Around 136,000 horses were sent from Australia to the First World War. Just one came home; Sandy, the favourite horse of Major General Bridges.
Sandy was raised in the high country of Victoria. He carted bricks in Tallangatta until the O’Donnell family donated him to the war effort.
The strong Waler soon became the favourite of Major General Bridges. They travelled from Melbourne together on the Orvieto flagship, joining other ships of the 1st AIF convoy in Albany.
From Albany, the convoy of Australian and New Zealand ships travelled to Egypt where the men trained near the pyramids. Then in April, they sailed to the Gallipoli peninsula. It was too steep to land Sandy and the other horses.
A few weeks after the landing, Major General Bridges was shot by a sniper. Legend has it that the Major General’s dying wish was for Sandy to return to Australia. Those wishes were honoured in 1919.
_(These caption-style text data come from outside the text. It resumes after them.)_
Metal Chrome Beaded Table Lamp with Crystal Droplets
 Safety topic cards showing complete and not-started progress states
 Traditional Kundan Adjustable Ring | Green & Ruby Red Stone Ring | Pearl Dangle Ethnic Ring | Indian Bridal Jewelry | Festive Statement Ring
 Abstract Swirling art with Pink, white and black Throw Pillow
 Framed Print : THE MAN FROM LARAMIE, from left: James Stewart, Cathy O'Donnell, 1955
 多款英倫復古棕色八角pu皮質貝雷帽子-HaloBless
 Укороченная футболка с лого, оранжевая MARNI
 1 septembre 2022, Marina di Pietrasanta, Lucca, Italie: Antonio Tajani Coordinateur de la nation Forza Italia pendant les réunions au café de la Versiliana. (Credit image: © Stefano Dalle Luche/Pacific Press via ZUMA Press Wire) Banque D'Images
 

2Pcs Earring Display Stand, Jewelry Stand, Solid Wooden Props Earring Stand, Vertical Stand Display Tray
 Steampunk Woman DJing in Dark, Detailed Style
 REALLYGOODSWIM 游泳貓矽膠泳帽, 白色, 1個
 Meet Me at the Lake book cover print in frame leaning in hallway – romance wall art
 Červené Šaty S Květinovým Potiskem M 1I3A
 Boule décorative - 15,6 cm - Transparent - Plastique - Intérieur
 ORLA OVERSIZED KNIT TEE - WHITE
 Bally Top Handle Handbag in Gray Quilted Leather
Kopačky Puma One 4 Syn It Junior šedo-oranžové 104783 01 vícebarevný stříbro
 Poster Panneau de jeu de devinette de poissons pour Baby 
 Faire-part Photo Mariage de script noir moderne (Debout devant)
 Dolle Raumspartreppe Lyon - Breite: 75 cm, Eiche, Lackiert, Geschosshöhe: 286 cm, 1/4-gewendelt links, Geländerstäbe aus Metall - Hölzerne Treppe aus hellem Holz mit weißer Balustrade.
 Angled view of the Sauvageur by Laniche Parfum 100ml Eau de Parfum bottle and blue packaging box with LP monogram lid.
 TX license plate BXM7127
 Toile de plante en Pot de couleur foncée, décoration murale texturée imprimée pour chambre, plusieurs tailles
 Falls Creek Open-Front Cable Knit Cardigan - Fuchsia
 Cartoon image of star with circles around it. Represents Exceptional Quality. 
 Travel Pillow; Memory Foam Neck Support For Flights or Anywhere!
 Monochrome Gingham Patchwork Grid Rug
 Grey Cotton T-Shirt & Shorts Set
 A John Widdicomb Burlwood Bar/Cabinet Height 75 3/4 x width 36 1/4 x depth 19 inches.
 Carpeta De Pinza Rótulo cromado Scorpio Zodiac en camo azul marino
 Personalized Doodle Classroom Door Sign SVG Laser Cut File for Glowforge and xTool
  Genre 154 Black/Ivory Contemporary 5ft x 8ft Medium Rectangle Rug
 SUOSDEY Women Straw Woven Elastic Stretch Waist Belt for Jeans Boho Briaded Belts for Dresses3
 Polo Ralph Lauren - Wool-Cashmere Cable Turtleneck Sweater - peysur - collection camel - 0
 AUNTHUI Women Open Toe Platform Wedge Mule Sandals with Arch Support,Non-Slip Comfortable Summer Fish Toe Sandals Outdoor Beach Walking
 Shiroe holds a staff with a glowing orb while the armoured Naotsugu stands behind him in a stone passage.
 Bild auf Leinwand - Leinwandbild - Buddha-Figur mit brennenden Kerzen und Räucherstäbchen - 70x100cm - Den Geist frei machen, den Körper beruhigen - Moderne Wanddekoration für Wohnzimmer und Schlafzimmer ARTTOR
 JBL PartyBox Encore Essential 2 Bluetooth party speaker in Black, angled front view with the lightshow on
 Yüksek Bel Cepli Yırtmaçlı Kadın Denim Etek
The Last Light Horse explores Sandy’s journey from Tallangatta, through the war years until his death in Maribyrnong in 2023, via text, archival images, and evocative charcoal sketches by Brian Simmonds. This week, in the lead-up to Remembrance Day, I will be posting images on Instagram to honour the men, women, and animals who sacrificed so much during wartime. Lest we Forget.
Have you noticed people wearing purple poppies on February 24th or purple poppies beside the traditional red ones on Anzac Day?
prelim. sketch for ‘Light Horse Boy’ by Brian Simmonds
Purple poppies commemorate the bravery and sacrifice of animals during wartime, and funds raised by sales of the pins helps The Australian War Animal memorial Organisation (AWAMO) establish memorials, train PTSD support dogs and care for retired animals that have served their country.
Thousands of horses, dogs and pigeons have accompanied Australian servicemen and women into battle while animal mascots including wallabies, cockatoos, cats and dogs have brought comfort to troops far from home.